The Buenos Aires Hurling Club was officially established in the wake of this match, with James Patrick Harte of County Cork elected as its first president. The club immediately became a legitimate member of the GAA, making history as the first club of its kind in South America. Games soon began to be played regularly at weekends, and were even reported on in the Argentine daily newspaper, La Nacion. Some of the clubs that played hurling during the early days of the new Argentine Federation of Hurling were: Buenos Aires Hurling Club, Mercedes, Wanderers, Bearna Baoghail, La Plata Gaels, Almirante Brown Capilla Boys, Saint Patrick’s Alumni, Saint Patrick’s Mercedes, Fahy Boys, St. Pauls, Irish Argentines, Juniors, New Lads, Santos Lugares, Club Nacional and Belgrano.
There was a strong influence from the Catholic Church and many teams had in their ranks priests or students of the Pallotine or Passionist religious orders, who had either come from Ireland or were of Irish- Argentine descent. In the early part of the 20th century, the predominant religion in Buenos Aires among the business classes was Protestantism. Irish immigrants and those involved in the establishment of Irish sporting and social clubs subsequently used organisations such as hurling clubs as a way of preserving their Catholic identity in a social and commercial milieu which was dominated by Protestantism.
As such, hurling primarily appealed to middle and working-class Irish immigrants rather than the landed Irish-Argentines who owned large tracts of land in the pampas regions of the country. The flourishing popularity of the sport was temporarily halted by the first World War – which put a stop to the importation of hurleys – but this soon resumed in earnest after the war and hurling began to experience a revival. In August 1920, Miguel Ballesty (1876-1950) of Salto, the son of County Westmeath immigrants, called together a meeting of delegates from the four most prominent hurling clubs in the country: Buenos Aires Hurling Club, Mercedes, Bearna Baoghail and Wanderers.

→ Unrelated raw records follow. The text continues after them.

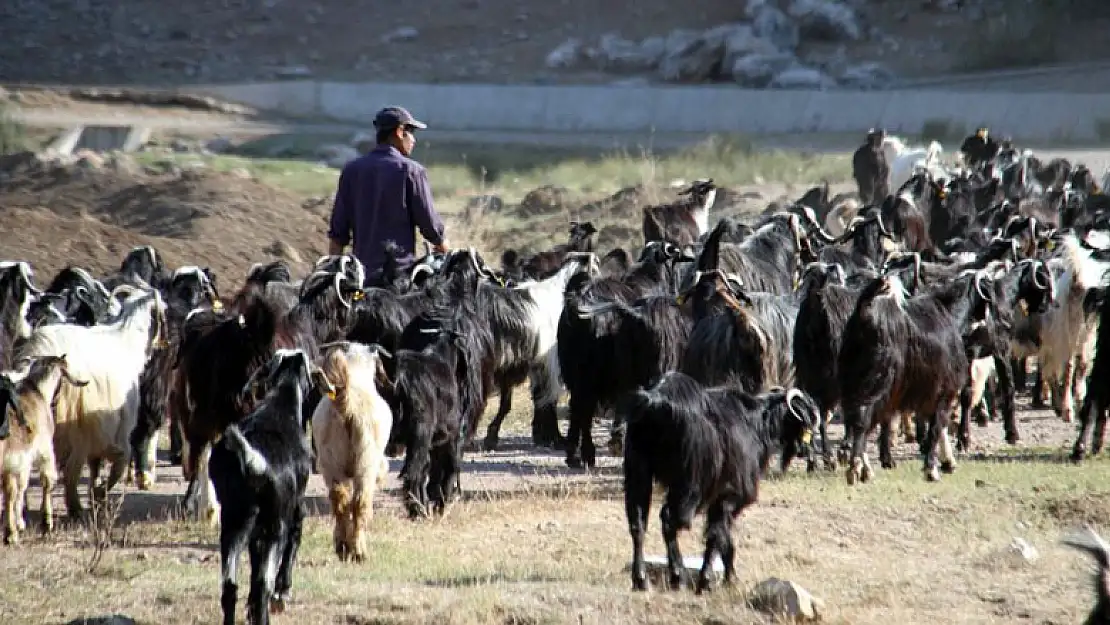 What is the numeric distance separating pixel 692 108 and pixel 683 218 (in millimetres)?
20881

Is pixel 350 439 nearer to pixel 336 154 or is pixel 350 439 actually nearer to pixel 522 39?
pixel 336 154

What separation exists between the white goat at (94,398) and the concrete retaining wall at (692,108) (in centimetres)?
2568

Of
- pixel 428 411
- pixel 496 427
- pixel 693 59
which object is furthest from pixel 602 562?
pixel 693 59

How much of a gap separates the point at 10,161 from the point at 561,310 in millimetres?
15441

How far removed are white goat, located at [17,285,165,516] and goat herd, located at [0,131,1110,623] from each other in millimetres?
14

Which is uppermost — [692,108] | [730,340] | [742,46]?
[742,46]

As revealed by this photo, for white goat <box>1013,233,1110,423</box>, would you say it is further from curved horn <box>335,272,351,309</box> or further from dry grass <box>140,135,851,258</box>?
dry grass <box>140,135,851,258</box>

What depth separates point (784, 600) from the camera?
794cm

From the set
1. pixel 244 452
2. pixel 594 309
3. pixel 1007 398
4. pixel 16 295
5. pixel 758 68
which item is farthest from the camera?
pixel 758 68

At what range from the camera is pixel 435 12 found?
173 ft

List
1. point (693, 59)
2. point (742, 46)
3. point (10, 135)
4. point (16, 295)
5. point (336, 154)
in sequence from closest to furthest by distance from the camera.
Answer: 1. point (16, 295)
2. point (10, 135)
3. point (336, 154)
4. point (742, 46)
5. point (693, 59)

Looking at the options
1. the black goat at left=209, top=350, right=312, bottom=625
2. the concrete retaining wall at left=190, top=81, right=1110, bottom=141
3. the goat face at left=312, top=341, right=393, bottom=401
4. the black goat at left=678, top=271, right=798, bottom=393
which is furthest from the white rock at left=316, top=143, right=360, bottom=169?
the black goat at left=209, top=350, right=312, bottom=625

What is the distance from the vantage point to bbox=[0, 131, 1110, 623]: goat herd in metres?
8.17

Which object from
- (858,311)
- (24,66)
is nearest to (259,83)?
(24,66) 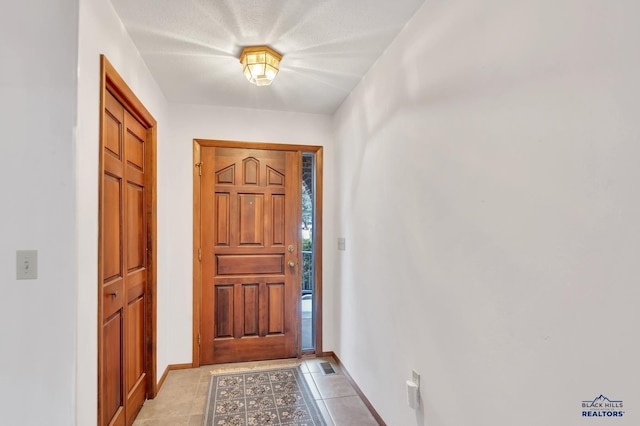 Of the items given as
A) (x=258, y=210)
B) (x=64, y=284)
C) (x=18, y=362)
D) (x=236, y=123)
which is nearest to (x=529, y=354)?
(x=64, y=284)

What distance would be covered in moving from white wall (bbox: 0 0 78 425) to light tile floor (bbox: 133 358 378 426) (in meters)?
1.08

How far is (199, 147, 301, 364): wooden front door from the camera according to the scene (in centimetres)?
301

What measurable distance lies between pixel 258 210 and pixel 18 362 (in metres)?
2.03

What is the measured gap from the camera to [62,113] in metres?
1.29

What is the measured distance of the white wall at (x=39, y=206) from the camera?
127 centimetres

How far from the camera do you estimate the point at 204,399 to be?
240 centimetres

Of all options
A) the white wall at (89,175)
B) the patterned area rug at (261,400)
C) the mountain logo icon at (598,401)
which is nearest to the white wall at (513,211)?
the mountain logo icon at (598,401)

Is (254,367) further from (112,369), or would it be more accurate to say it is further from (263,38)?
(263,38)

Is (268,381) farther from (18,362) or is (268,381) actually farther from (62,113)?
(62,113)

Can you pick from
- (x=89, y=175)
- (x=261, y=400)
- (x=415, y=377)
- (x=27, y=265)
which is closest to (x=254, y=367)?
(x=261, y=400)

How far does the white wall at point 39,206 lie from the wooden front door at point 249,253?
1.70 metres

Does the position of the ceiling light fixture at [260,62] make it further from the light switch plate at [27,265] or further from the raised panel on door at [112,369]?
the raised panel on door at [112,369]

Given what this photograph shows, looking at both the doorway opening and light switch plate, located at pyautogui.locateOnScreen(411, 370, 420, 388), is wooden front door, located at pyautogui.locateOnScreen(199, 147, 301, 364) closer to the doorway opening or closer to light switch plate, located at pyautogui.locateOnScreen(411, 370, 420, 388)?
the doorway opening

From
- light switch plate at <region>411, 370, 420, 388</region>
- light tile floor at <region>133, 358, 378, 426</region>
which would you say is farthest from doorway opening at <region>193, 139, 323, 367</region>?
light switch plate at <region>411, 370, 420, 388</region> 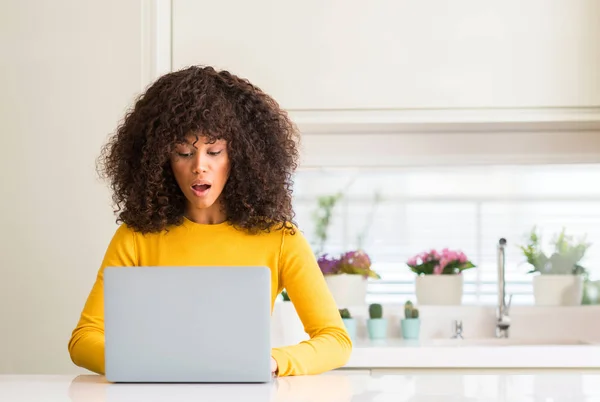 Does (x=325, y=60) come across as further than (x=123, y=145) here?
Yes

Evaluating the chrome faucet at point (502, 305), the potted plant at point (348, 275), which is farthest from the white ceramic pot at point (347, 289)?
the chrome faucet at point (502, 305)

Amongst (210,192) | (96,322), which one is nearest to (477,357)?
(210,192)

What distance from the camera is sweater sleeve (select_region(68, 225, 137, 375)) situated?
1.51 metres

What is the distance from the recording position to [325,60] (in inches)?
106

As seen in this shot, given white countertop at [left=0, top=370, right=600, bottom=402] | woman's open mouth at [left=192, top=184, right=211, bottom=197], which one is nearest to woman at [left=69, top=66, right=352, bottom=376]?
woman's open mouth at [left=192, top=184, right=211, bottom=197]

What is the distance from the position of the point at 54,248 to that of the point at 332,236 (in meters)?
1.02

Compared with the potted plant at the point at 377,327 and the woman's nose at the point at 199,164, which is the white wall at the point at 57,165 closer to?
the potted plant at the point at 377,327

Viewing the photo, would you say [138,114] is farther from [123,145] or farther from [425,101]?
[425,101]

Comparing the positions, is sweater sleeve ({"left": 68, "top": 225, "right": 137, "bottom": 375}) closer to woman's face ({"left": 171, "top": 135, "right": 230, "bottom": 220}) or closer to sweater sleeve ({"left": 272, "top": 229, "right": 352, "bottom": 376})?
woman's face ({"left": 171, "top": 135, "right": 230, "bottom": 220})

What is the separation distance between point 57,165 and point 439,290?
1.40 m

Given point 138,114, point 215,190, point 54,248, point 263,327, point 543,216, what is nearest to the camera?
point 263,327

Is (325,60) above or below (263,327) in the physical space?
above

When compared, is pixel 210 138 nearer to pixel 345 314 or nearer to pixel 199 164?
pixel 199 164

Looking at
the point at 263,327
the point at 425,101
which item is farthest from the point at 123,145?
the point at 425,101
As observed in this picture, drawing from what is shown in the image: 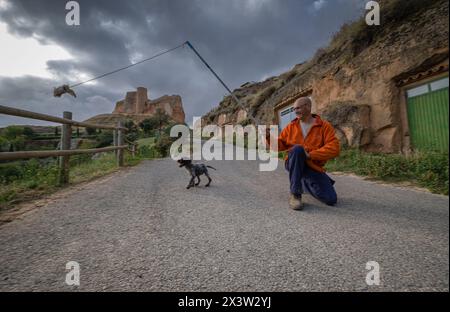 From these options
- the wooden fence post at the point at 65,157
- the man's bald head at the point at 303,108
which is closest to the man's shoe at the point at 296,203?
the man's bald head at the point at 303,108

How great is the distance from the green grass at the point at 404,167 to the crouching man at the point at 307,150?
820 millimetres

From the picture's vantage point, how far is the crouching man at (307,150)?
2533 millimetres

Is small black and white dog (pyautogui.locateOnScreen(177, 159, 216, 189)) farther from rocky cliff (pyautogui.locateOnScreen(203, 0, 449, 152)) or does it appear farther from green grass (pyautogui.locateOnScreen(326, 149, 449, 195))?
rocky cliff (pyautogui.locateOnScreen(203, 0, 449, 152))

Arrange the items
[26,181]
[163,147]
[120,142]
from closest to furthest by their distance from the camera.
A: [26,181], [120,142], [163,147]

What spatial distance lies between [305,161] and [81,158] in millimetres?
7197

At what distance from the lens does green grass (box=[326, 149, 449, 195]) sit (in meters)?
1.02

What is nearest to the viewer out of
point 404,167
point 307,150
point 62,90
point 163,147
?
point 307,150

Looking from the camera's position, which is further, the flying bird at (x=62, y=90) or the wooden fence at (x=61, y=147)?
the flying bird at (x=62, y=90)

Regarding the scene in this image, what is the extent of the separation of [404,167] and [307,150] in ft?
4.68

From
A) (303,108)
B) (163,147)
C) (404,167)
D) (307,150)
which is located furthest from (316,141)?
(163,147)

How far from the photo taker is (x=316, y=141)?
2.62 meters

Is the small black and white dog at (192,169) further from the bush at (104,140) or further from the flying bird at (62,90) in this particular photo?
the bush at (104,140)

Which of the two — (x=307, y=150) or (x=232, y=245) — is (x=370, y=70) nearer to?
(x=307, y=150) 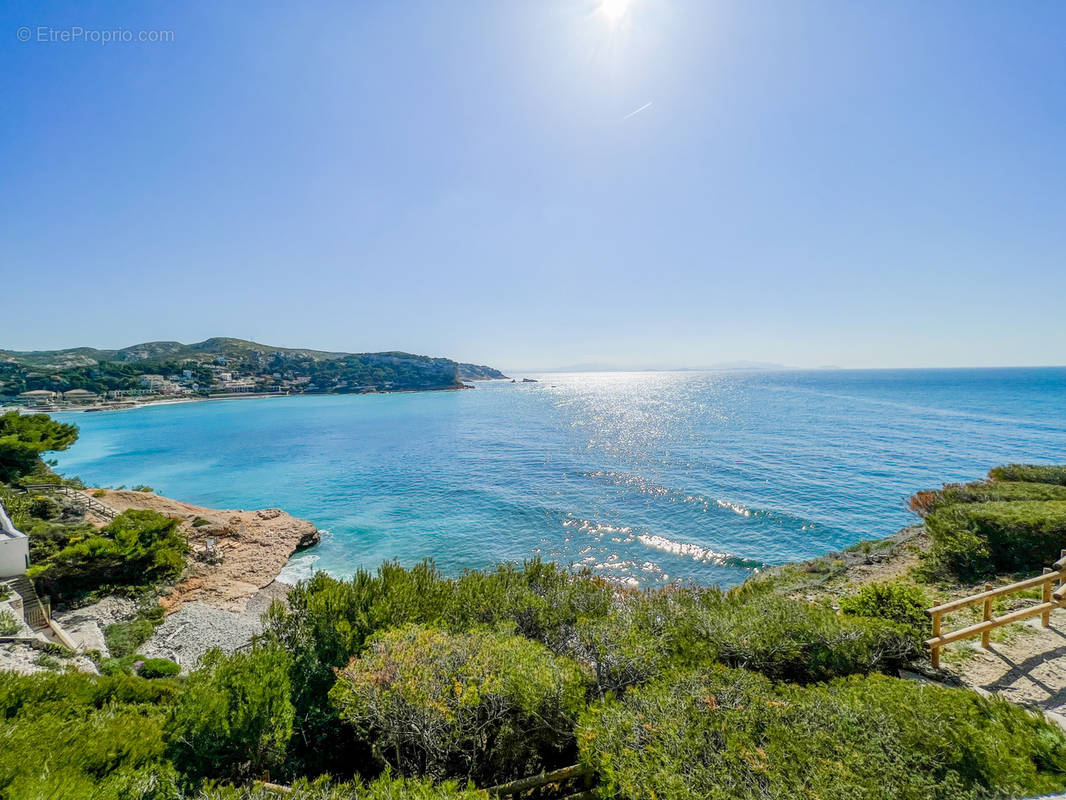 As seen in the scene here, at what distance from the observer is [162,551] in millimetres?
17500

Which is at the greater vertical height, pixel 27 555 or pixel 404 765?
pixel 404 765

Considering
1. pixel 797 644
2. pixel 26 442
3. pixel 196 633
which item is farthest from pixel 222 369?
pixel 797 644

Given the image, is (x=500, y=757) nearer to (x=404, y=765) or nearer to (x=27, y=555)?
(x=404, y=765)

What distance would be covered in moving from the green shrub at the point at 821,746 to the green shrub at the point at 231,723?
16.5 ft

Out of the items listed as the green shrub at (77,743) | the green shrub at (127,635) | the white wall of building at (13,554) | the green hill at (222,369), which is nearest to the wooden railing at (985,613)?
the green shrub at (77,743)

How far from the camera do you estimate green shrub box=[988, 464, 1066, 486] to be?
1995 cm

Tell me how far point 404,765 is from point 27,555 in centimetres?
1937

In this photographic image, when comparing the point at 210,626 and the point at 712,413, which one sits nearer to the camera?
the point at 210,626

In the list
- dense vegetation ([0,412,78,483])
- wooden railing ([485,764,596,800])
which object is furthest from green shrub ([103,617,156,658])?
dense vegetation ([0,412,78,483])

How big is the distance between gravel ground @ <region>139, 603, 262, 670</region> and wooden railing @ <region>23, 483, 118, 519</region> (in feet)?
38.5

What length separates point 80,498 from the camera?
24.4 metres

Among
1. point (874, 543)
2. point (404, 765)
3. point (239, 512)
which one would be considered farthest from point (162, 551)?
point (874, 543)

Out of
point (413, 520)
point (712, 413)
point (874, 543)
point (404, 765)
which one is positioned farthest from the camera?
point (712, 413)

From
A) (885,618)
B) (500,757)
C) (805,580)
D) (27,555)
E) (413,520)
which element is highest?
(885,618) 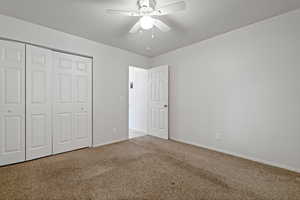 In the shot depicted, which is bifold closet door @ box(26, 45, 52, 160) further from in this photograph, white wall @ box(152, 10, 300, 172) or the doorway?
white wall @ box(152, 10, 300, 172)

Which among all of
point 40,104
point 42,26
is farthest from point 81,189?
point 42,26

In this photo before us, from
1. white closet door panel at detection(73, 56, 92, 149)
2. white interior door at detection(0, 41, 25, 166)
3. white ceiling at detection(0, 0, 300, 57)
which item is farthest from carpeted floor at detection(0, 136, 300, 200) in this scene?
white ceiling at detection(0, 0, 300, 57)

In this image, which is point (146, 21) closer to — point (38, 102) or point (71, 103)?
point (71, 103)

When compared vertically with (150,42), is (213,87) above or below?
below

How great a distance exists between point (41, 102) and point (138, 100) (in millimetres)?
2964

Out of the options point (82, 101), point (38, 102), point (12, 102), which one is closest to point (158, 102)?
point (82, 101)

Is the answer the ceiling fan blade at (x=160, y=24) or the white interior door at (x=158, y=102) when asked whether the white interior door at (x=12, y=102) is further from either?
the white interior door at (x=158, y=102)

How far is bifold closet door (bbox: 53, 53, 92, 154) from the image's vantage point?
9.41 ft

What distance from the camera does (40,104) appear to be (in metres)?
2.65

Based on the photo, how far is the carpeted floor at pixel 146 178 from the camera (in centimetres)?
168

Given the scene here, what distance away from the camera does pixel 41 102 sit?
8.72 ft

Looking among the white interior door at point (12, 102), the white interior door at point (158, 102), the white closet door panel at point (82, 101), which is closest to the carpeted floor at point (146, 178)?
the white interior door at point (12, 102)

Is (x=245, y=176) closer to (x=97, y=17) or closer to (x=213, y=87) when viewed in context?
(x=213, y=87)

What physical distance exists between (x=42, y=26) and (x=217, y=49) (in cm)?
347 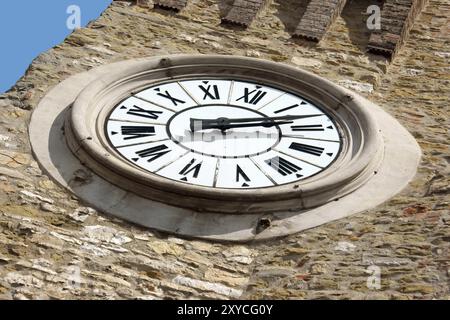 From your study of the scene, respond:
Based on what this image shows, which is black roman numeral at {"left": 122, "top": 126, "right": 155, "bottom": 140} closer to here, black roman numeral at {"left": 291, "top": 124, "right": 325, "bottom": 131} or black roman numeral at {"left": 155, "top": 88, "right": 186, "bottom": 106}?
black roman numeral at {"left": 155, "top": 88, "right": 186, "bottom": 106}

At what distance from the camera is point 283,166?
11.9 metres

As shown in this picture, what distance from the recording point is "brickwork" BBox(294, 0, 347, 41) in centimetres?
1465

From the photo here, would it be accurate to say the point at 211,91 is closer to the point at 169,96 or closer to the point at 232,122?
the point at 169,96

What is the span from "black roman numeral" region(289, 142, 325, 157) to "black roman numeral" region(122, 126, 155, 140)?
4.19ft

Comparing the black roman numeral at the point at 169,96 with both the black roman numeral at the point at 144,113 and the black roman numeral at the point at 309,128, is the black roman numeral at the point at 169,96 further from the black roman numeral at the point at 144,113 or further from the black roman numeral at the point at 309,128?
the black roman numeral at the point at 309,128

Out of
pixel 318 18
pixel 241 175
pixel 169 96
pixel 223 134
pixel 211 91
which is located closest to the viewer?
pixel 241 175

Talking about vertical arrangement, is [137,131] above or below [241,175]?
above

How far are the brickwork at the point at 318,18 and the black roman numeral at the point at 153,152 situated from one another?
10.3ft

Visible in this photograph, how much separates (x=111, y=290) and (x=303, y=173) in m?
2.45

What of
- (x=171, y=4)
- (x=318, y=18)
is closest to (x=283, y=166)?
(x=318, y=18)

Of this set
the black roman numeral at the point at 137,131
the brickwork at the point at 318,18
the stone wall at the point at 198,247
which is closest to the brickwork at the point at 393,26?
the brickwork at the point at 318,18

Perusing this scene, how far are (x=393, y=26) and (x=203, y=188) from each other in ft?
14.5

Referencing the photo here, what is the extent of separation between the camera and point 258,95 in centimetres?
1322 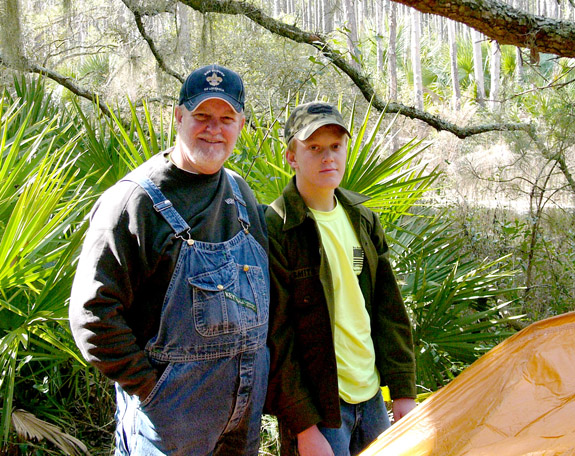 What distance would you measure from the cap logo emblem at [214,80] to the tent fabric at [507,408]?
4.11 ft

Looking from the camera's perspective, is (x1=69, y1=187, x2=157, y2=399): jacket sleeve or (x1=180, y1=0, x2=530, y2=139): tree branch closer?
(x1=69, y1=187, x2=157, y2=399): jacket sleeve

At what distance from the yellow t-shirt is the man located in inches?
12.8

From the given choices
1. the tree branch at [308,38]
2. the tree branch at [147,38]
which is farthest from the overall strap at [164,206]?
the tree branch at [147,38]

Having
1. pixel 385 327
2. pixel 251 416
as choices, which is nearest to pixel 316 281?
pixel 385 327

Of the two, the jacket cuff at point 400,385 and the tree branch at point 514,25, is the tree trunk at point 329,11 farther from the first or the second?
the jacket cuff at point 400,385

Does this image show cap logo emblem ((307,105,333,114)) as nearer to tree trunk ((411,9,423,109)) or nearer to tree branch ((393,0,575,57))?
tree branch ((393,0,575,57))

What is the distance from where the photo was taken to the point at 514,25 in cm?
394

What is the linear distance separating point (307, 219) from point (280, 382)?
0.57m

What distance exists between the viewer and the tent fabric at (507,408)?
1776 mm

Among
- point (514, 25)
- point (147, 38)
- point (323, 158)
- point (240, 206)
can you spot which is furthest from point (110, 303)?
point (147, 38)

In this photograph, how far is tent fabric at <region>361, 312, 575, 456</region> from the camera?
1776mm

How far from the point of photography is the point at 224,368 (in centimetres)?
175

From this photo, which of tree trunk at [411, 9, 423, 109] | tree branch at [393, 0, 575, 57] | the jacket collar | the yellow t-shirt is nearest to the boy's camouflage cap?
the jacket collar

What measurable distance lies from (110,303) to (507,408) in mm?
1288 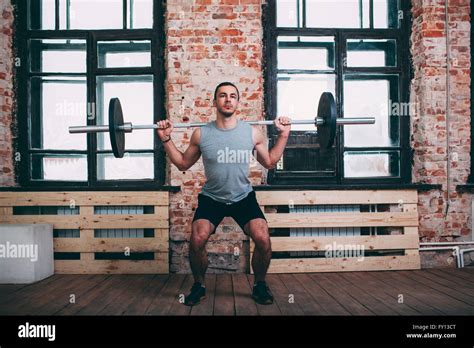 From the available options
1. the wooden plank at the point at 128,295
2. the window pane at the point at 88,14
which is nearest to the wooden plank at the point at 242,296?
the wooden plank at the point at 128,295

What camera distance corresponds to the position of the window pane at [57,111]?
4312mm

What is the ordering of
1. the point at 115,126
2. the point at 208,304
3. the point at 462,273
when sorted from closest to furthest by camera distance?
the point at 208,304 → the point at 115,126 → the point at 462,273

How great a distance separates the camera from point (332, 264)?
13.1 feet

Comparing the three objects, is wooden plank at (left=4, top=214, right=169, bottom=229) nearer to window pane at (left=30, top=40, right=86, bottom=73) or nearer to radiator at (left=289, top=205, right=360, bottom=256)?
radiator at (left=289, top=205, right=360, bottom=256)

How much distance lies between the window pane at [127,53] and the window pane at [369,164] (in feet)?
7.62

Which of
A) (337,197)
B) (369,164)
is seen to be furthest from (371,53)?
(337,197)

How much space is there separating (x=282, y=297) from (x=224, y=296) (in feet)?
1.46

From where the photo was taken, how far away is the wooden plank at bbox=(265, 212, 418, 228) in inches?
156

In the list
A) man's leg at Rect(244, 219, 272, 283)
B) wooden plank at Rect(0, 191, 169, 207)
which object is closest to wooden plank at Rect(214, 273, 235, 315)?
man's leg at Rect(244, 219, 272, 283)

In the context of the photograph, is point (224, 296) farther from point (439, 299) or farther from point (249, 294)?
point (439, 299)

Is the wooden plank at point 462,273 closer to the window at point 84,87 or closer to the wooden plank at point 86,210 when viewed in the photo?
the window at point 84,87

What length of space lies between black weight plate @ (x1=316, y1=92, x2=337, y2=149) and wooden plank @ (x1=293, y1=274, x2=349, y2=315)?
1149mm

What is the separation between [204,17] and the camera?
409cm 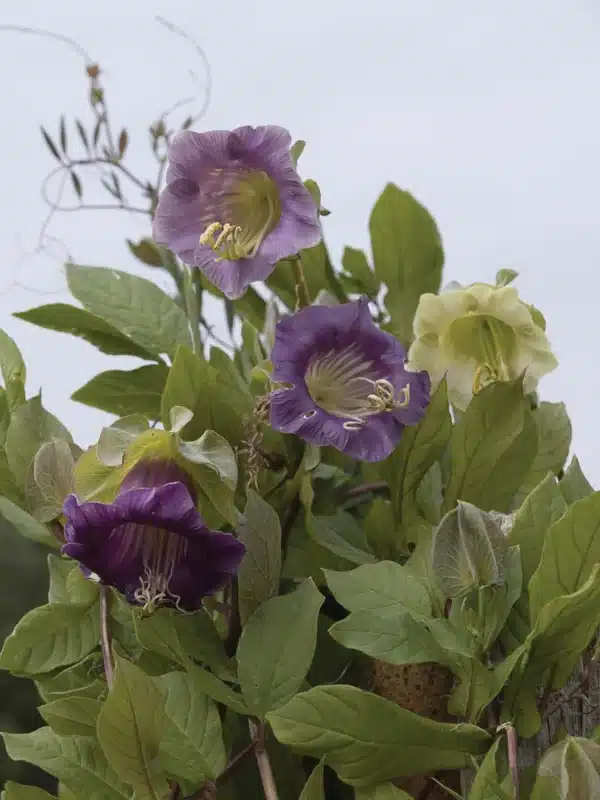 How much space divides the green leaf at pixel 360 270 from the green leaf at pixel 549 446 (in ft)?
0.28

As a result of this meeting, a commission was set up (which subsequently became the Argentine Federation of Hurling) whose responsibility was to research the availability of a playing space dedicated to the sport of hurling, thereby guaranteeing the long-term future of the sport. The first committee was formed by Miguel Ballesty (president); S. Farrell (secretary); Jack Dowling (treasurer); J. Clinton, P. Murtagh, P.J. O’Reilly, E. Ennis and M. Kennedy (committee members). The journey towards securing a long-term home for the sport was to prove a tortuous one. Finances were limited and it proved extremely difficult to find a location that was easily accessible to all by public transport. At first, the committee rented out existing sports grounds such as the one at Alberdi in the district of Boedo, the grounds of Club Singer.
One match played at this venue was to live long in the memory of those present : a game contested between a team of Irish-born players and another composed of native Irish-Argentines. The Irish-Argentine team were to run out emphatic winners in a game which was comprehensively covered by the Southern Cross newspaper. A later move to the sports grounds of Banco Nacion in the barrio of Floresta was initially successful and it was here, on August 22 1922, that the Argentine Federation of Hurling was officially founded. However, just twenty months after moving to this new site the committee was again forced to move due to a new road-building scheme.
Eventually, Miguel Ballesty managed to convince the other members of the committee to move to new, partially-rented quarters at Villa Devoto on the outskirts of the city. In front of a large audience in Villa Devoto on 13 July 1924 the grounds were opened and blessed by Monsignor Santiago Ussher. The inaugural match was between Capilla Boys and Saint Patrick’s Alumni. However, due to the continuing expansion of Buenos Aires’ street planning programme, it would not be long before the hurling club would once again be forced to uproot and move to new territory. With the outbreak of World War II, hurling in Argentina faced its most challenging crisis yet.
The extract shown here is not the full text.